Women members of the Electronic Retailing Association now have a council of their own, thanks to the foresight of member Debbie Skerly, who saw a way to help ERA and her colleagues grow simultaneously.
Skerly, vice president of business development at a2b Fulfillment, helped found—and now lead—ERA’s Industry Women’s Council. The group helps women in the association learn, network, and share business leads. The council, which currently has 35 members, is designed for women of all ages and positions.
“[It] creates a niche opportunity for young women and new members to be inspired by the veterans of the industry and learn from their success,” Skerly said. “Also, it serves as a recruiting tool for the association to attract new women-owned businesses that might want to join and take part in the Industry Women’s Council, and share their own successes and best practices.”
Skerly came up with the idea after participating in small conferences and events for women connected through ERA, which represents direct-to-consumer retail, like online or TV shopping.

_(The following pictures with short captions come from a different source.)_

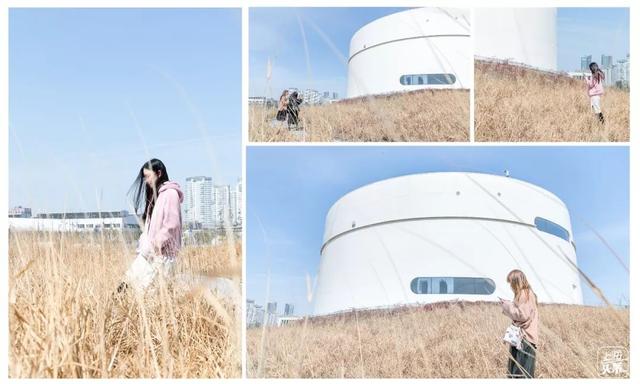 上海一日游最佳景点自由行(上海适合一日游的100个景点)(40)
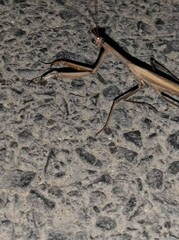 Mantis religiosa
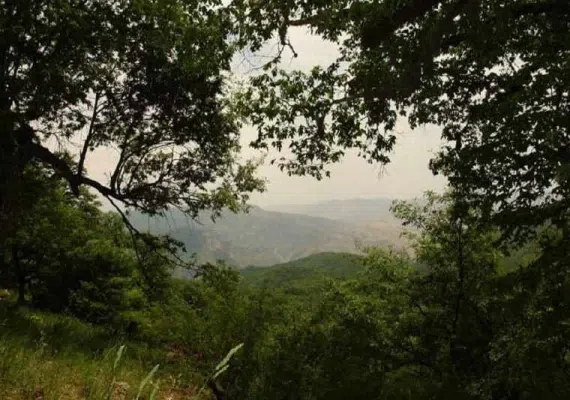 روستا دشت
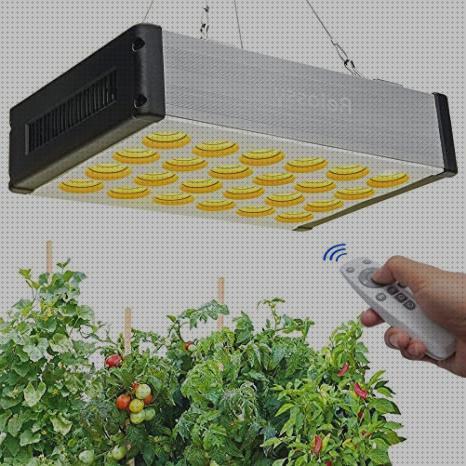 ¿Dónde poder comprar lamparas led led lamparas grow led?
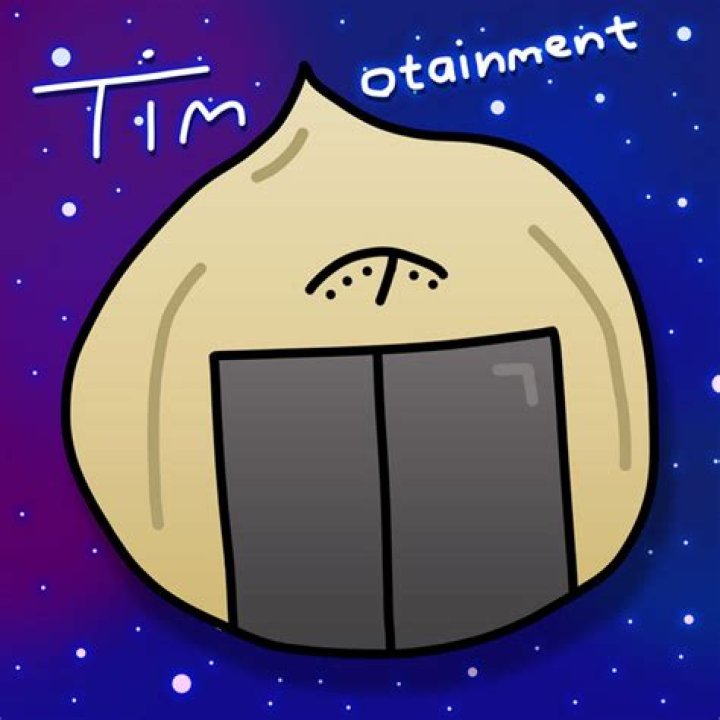 Timotainment Youtuber overview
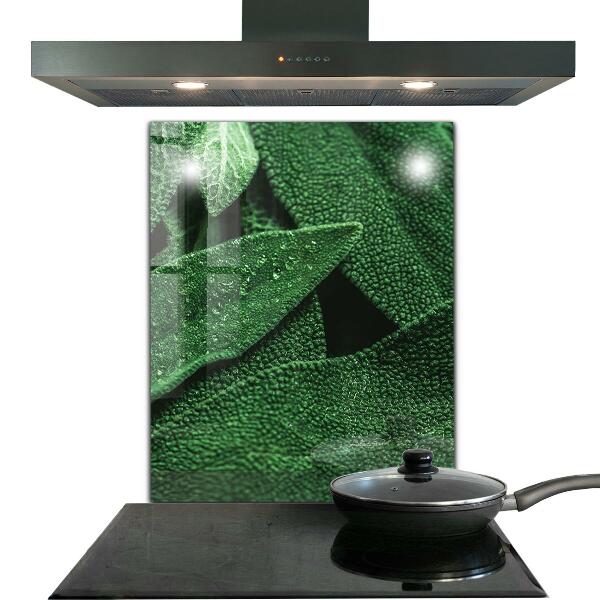 Zidna obloga za kuhinju Zeleni listi po dežju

She realized an internal council could fill an existing hole and then spoke with Jim Perrus, ERA’s vice president of membership and retention, during the group’s idea summit in February.
He took the idea to the board, which lead to its formal creation just months later, Skerly said. The council holds its inaugural gathering at ERA’s annual D2C Convention later this month.
Efforts to give women a bigger voice in associations—and by extension, various industries—are not new. In 2015, the Massachusetts Technology Leadership Council partnered with Innovation Women to ensure female speakers had opportunities to share their experiences. Even earlier, the American Society of Radiologic Technologists launched a “Lean In Circle” for executives.
Other groups are working to ensure women obtain leadership roles within their industries or on their boards. Two journalism groups, for instance, partnered to develop a gender-specific academy, while the Association for Computing Machinery recently selected its first all-female board.
Still, there is work to be done. A 2015 study conducted by Harvard Business School’s Gender Initiative found that mothers are judged more heavily for leaving work early or late, thought to be either scrimping job duties for the family or ignoring the kids. Just this year, research showed that women are less comfortable asking for a raise than men.
As for Skerly’s new undertaking as chair of the ERA council, she says the mission is pretty straight forward.
“Our goal is to have a guest speaker at each meeting; someone that can both educate and inspire other members,” she said. “There are a number of very successful businesswomen within this very industry, and we hope they can come participate. It will be great for women to hear about both the struggles and the successes of women that have established themselves in this space.”